Chapitre IV. Le cas Judith Gautier

I Iskender

A Les conteurs en Perse

Dans le prologue d’Iskender, le conteur évoque son intention de raconter l’histoire d’Iskender d’après les traditions conservées à travers les siècles et recueillies par l’historien Mirxond et le poète Ferdowsi. Plus loin, à la première page du premier récit, le conteur ajoute qu’il raconte cette histoire « dans la langue noble de Firdouci et d’Hafiz. » C’est ainsi que, d’après le conteur, les quatre récits d’Iskender ont été racontés. Ce procédé qui consiste à mettre le récit dans la bouche d’un conteur semblerait venir d’une tradition en Perse qui a presque disparu à notre époque avec l’arrivée des médias. En effet, depuis quelques siècles, dans certains milieux populaires, des conteurs récitaient à haute voix des extraits du Livre des Rois. Ainsi, ils participaient à la propagation du persan et à la connaissance de la gloire de la Perse ancienne. Dans Iskender,le conteur raconte en présence de nobles habitants de Téhéran, réunis pour un festin magnifique.

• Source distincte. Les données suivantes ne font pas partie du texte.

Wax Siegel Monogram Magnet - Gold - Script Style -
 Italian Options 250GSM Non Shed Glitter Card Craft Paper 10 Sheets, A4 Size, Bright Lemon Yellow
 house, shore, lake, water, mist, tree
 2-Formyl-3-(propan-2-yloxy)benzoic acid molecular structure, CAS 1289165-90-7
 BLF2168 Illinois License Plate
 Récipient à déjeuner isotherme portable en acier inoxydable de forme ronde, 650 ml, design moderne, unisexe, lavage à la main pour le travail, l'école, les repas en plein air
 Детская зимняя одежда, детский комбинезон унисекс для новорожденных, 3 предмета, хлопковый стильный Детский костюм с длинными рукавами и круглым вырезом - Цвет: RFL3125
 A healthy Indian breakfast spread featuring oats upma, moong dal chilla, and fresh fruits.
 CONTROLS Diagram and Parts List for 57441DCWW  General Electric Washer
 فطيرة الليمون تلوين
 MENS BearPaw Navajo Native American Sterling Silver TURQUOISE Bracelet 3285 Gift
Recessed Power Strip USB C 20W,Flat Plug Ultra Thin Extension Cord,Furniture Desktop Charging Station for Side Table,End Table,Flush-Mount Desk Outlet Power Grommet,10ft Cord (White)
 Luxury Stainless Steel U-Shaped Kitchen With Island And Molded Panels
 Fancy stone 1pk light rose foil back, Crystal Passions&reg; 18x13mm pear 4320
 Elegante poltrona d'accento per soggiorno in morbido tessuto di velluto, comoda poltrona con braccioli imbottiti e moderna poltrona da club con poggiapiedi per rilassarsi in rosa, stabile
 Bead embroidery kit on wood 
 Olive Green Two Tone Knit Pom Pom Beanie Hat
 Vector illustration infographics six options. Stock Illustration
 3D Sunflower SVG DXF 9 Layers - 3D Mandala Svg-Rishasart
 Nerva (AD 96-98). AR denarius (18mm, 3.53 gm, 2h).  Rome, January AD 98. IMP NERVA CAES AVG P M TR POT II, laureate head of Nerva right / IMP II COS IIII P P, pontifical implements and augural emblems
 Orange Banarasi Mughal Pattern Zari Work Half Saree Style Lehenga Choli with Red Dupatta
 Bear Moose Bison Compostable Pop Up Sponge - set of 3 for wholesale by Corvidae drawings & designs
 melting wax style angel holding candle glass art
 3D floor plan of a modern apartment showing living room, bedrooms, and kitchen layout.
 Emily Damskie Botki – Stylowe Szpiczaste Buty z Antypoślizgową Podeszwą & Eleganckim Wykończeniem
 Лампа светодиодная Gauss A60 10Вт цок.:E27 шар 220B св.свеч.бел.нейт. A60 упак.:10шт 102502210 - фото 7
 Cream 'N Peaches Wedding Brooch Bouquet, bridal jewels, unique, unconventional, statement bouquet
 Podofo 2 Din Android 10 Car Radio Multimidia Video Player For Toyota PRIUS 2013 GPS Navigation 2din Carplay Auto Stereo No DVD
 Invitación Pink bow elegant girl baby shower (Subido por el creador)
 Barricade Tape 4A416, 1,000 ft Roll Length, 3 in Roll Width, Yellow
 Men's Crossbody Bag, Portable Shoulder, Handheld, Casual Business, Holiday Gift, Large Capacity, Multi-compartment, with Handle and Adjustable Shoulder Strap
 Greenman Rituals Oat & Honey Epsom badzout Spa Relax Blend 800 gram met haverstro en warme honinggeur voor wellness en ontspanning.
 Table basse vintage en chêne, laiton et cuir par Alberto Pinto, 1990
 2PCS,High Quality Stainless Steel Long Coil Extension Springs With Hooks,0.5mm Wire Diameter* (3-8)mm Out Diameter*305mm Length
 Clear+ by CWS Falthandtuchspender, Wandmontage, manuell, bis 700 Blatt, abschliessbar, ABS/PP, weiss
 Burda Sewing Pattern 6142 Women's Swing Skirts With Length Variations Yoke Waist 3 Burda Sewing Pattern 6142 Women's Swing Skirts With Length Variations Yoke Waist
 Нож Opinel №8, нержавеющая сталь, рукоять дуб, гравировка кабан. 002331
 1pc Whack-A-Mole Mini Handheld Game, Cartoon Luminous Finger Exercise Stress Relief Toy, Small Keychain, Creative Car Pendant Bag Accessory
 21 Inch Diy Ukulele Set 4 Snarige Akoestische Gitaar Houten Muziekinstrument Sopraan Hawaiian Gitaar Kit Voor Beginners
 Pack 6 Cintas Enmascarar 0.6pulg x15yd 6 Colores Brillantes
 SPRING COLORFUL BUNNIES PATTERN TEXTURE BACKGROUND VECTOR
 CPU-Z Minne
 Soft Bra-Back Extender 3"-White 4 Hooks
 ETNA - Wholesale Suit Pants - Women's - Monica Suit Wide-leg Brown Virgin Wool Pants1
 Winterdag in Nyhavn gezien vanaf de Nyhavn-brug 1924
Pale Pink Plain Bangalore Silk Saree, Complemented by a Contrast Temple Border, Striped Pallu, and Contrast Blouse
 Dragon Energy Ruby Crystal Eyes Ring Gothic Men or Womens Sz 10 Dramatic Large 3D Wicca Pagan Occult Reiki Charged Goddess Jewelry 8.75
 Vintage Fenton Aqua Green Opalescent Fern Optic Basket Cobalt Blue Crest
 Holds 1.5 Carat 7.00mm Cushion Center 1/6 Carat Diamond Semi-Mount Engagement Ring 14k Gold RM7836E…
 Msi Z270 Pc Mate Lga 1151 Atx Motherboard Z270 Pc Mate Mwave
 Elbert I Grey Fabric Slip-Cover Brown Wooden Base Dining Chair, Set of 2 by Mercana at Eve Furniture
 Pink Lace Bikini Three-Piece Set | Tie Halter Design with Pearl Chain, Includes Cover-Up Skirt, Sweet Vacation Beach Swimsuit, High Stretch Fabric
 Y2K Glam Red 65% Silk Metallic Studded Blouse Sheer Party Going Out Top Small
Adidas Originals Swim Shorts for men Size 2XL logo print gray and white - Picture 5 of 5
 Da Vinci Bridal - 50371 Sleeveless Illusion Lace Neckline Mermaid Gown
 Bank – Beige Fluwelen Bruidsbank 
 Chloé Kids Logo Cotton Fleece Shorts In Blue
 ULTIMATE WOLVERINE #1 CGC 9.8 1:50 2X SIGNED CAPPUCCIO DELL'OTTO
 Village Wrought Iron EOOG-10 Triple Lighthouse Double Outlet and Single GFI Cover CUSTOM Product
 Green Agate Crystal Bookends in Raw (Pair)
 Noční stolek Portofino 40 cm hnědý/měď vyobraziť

De ce fait, le lecteur se sent davantage proche du contexte dans lequel les histoires du Livre des Rois se racontaient en Perse.

Avant de commencer leurs récits, les conteurs avaient coutume d’invoquer Dieu, Mahomet et les imams. Aussi, au début du récit du Trône des Kéianis, Judith Gautier invoque-t-elle Dieu, Mahomet et les imams : « J’invoque le nom d’Allah le grand, le sublime, le miséricordieux. J’implore Mohammed et Aly (que la bénédiction d’Allah soit sur eux !) et, me tournant vers Kèbla, je prie les imams (que la bénédiction d’Allah soit sur eux !) de m’être favorables 306 . »

Ce début du Trône des Kéianis ressemble également au début du Livre des Rois où Ferdowsi, après avoir loué Dieu, glorifie Mahomet et les quatre califes qui l’ont suivi à savoir Abubakr, Omar, Osmân et Ali 307 .

Notes
306.

Gautier Judith. Iskender, histoire persane. Paris, Bibliothèque des Deux Mondes, L. Frinzine et Cie, Editeurs, 1886, p. 1.

307.

Ferdowsi. Šâhnâmè, huitième édition. Téhéran, éditions Amir Kabir, 1995, pp. 22 et 23.